**DESCRIPTION OF THE TASK:** Repeat the lines from the line with "Dario Franchitti, Helio" to the line with "Amdrebio Tie-Dyed Dark" in the listing below, keeping both end lines and adding nothing.

**PROVIDED INFORMATION:**
★ ★ ★ ★ ★
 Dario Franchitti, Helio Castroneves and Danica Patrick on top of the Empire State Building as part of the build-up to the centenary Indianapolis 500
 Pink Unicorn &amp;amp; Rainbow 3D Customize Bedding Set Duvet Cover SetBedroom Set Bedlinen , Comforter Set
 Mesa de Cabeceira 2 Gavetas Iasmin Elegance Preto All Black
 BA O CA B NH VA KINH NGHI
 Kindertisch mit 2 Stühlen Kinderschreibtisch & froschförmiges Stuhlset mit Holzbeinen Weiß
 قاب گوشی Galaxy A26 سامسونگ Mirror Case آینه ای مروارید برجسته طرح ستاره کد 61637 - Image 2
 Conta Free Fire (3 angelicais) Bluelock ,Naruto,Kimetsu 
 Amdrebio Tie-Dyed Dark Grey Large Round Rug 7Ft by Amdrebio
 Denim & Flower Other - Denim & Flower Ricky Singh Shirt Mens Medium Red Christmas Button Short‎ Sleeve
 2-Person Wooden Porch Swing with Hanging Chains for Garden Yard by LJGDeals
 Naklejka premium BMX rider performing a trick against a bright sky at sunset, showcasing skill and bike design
★ ★ ★ ★ ★
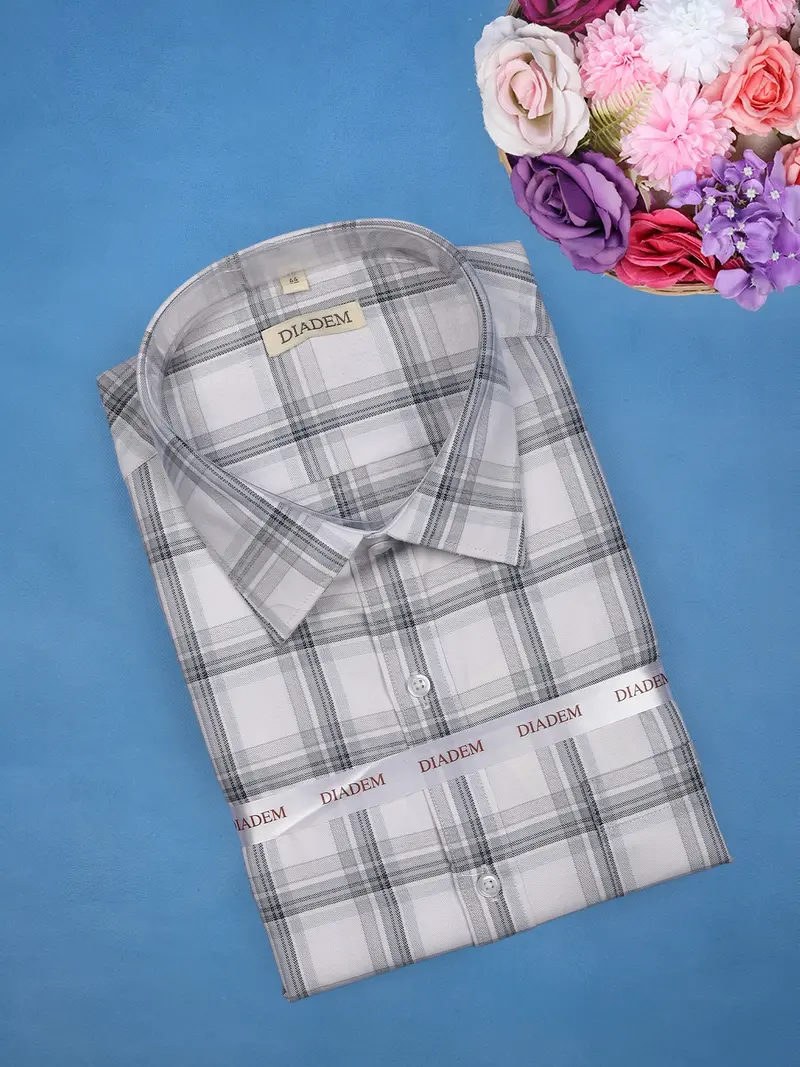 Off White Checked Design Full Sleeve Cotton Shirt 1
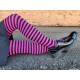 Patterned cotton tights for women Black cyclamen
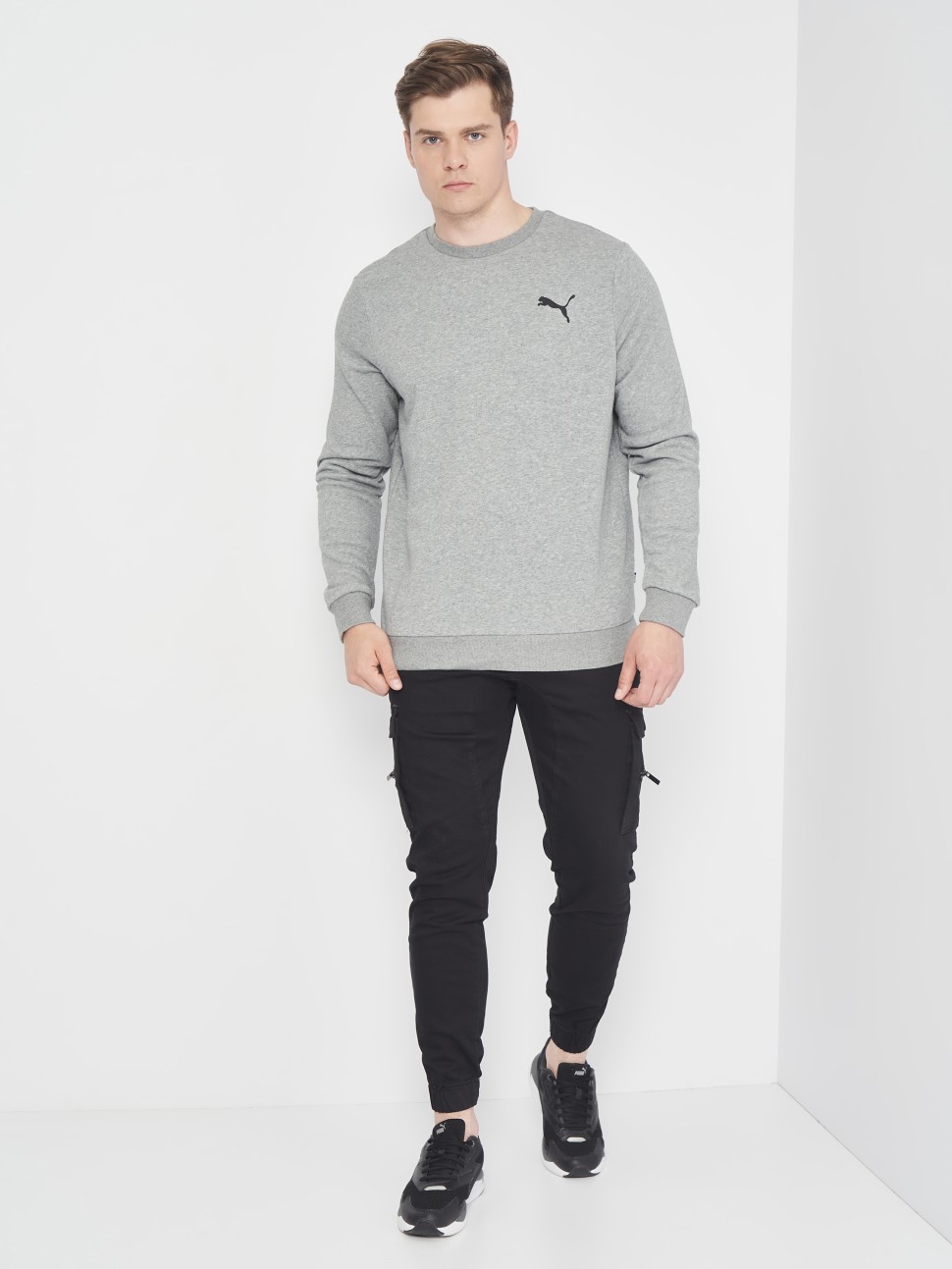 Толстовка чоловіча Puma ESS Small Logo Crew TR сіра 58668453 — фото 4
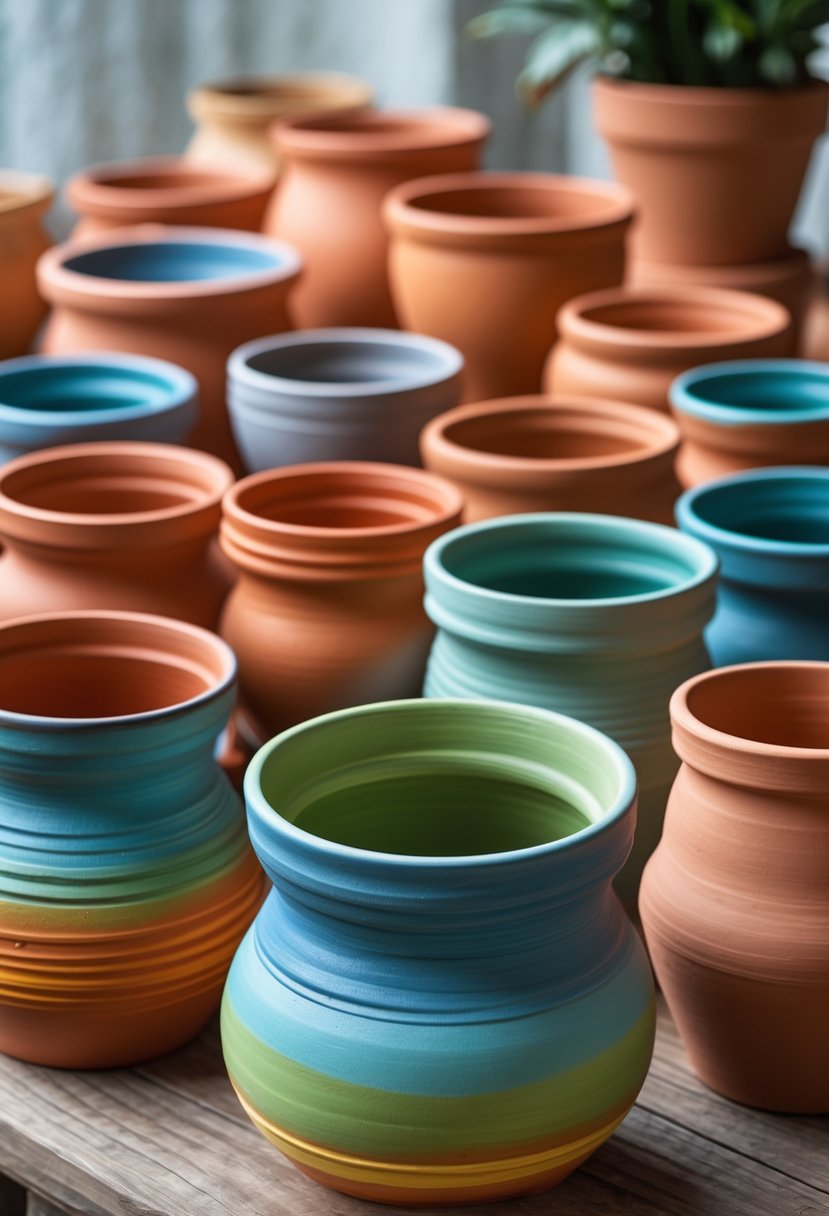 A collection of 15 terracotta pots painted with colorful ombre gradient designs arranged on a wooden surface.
★ ★ ★ ★ ★
**COMPLETED EXERCISE:**
 Dario Franchitti, Helio Castroneves and Danica Patrick on top of the Empire State Building as part of the build-up to the centenary Indianapolis 500
 Pink Unicorn &amp;amp; Rainbow 3D Customize Bedding Set Duvet Cover SetBedroom Set Bedlinen , Comforter Set
 Mesa de Cabeceira 2 Gavetas Iasmin Elegance Preto All Black
 BA O CA B NH VA KINH NGHI
 Kindertisch mit 2 Stühlen Kinderschreibtisch & froschförmiges Stuhlset mit Holzbeinen Weiß
 قاب گوشی Galaxy A26 سامسونگ Mirror Case آینه ای مروارید برجسته طرح ستاره کد 61637 - Image 2
 Conta Free Fire (3 angelicais) Bluelock ,Naruto,Kimetsu 
 Amdrebio Tie-Dyed Dark Grey Large Round Rug 7Ft by Amdrebio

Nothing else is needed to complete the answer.